(Exercise data)
↓↓↓

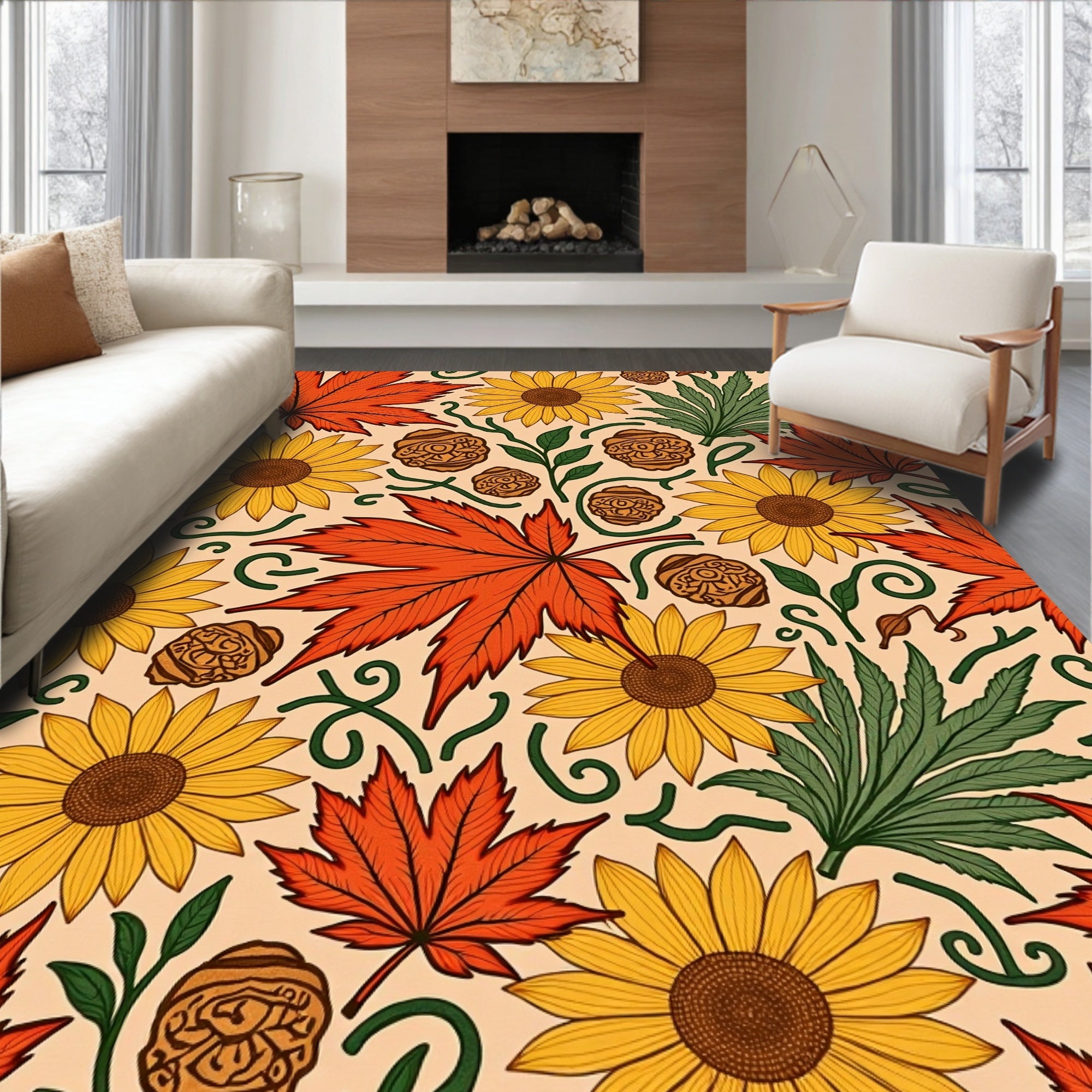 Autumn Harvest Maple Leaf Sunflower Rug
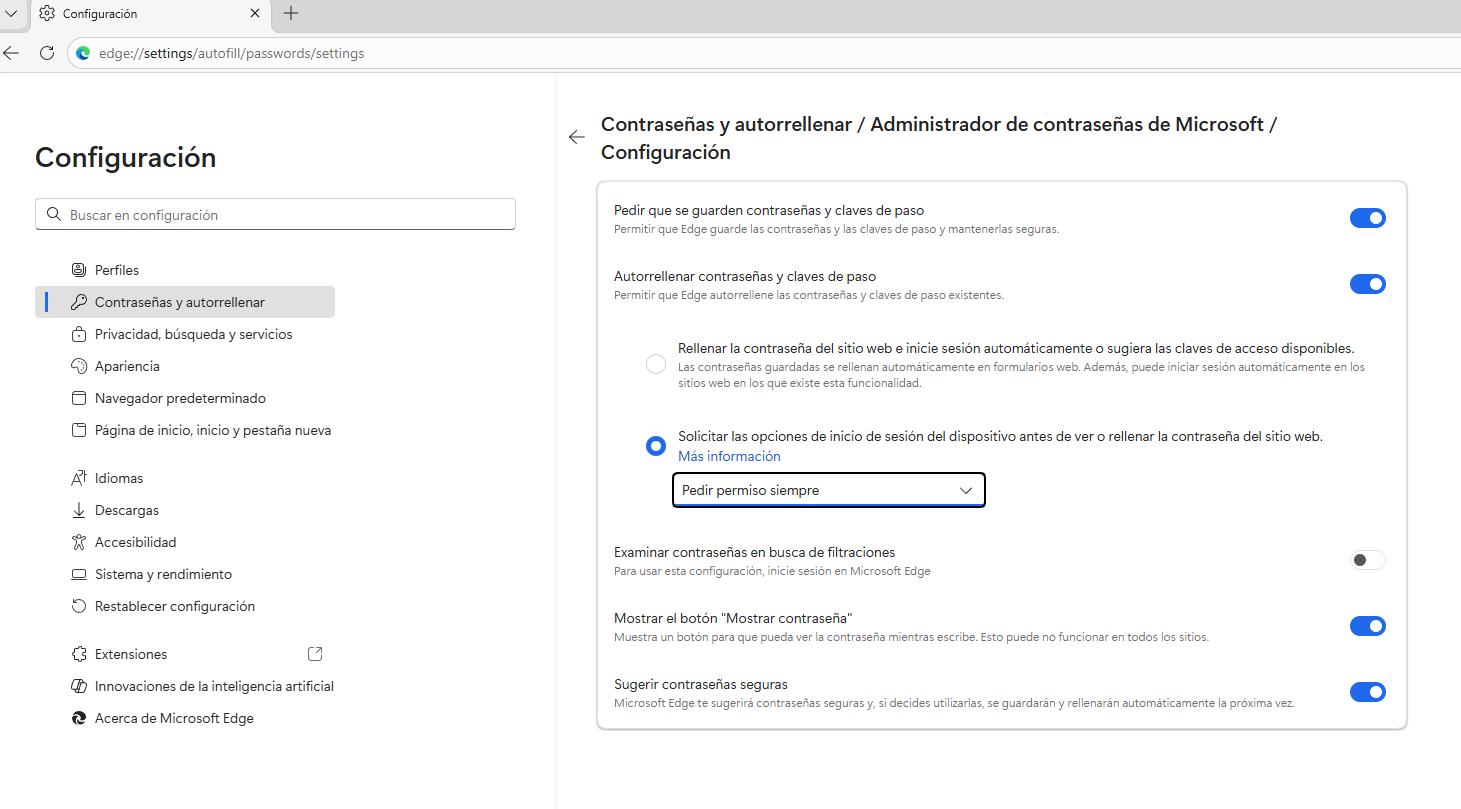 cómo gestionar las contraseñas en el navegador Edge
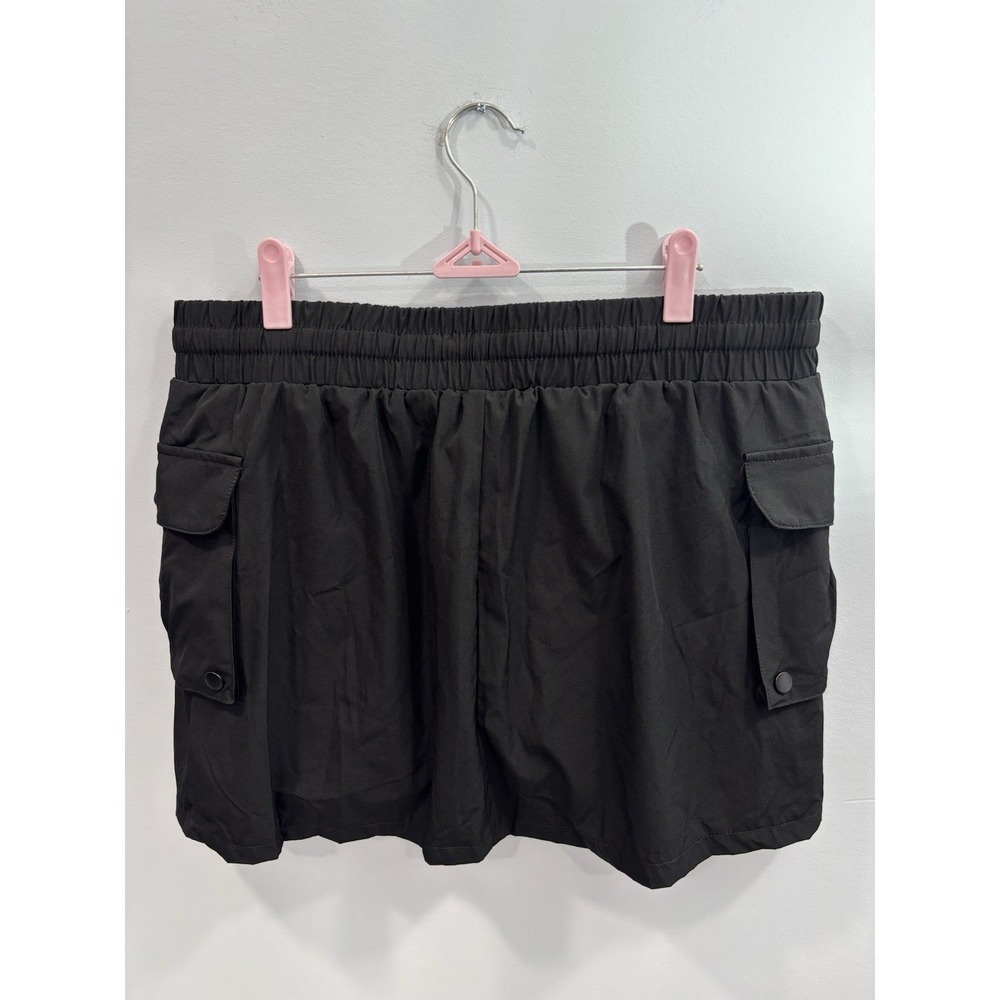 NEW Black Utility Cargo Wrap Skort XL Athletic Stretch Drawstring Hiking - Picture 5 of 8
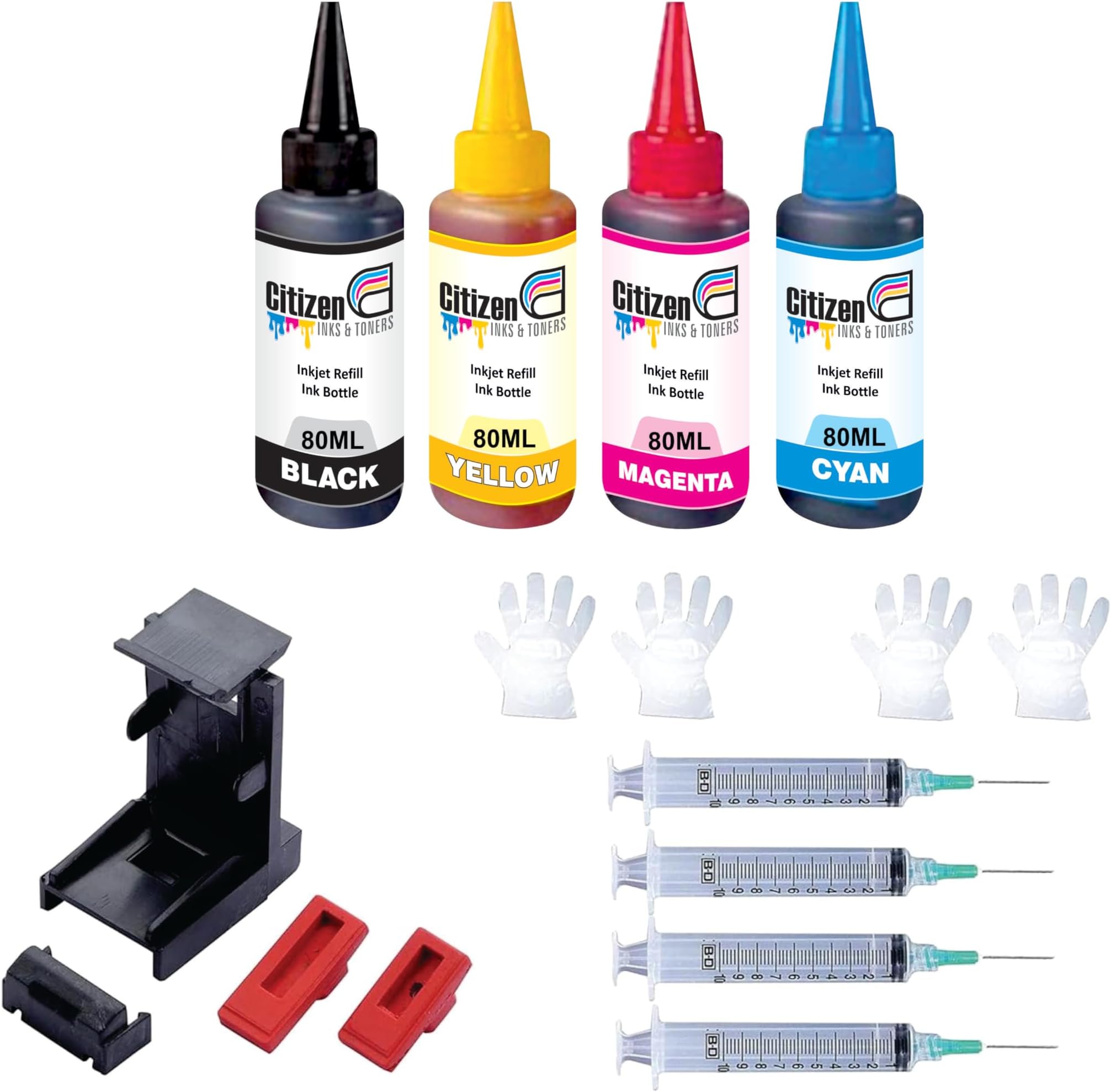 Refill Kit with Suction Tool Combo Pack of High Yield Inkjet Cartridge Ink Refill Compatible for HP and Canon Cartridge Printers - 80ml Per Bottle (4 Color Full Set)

↑↑↑

(Work item) Set the entire listing down again, exact in every line, without any pictures.

(Answer space)
 Autumn Harvest Maple Leaf Sunflower Rug
 cómo gestionar las contraseñas en el navegador Edge
 NEW Black Utility Cargo Wrap Skort XL Athletic Stretch Drawstring Hiking - Picture 5 of 8
 Refill Kit with Suction Tool Combo Pack of High Yield Inkjet Cartridge Ink Refill Compatible for HP and Canon Cartridge Printers - 80ml Per Bottle (4 Color Full Set)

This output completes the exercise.